**WORK ITEM:** What is needed here is an exact printout of the data, with no pictures included.

== PROVIDED MATERIAL ==

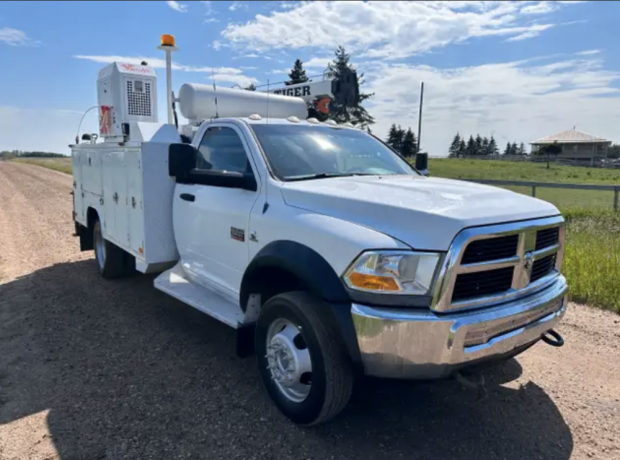 2011-dodge-5500-4x4-service-truckdsl-t60-comp-5031lbs-big-1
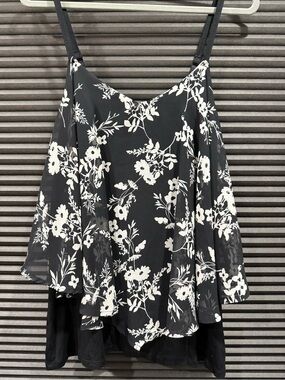 TORRID Black & White Floral Spaghetti-Strap Women's Top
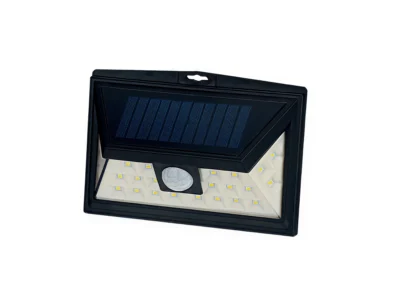 Aplique solar a muro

===

**ANSWER BOX:**
 2011-dodge-5500-4x4-service-truckdsl-t60-comp-5031lbs-big-1
 TORRID Black & White Floral Spaghetti-Strap Women's Top
 Aplique solar a muro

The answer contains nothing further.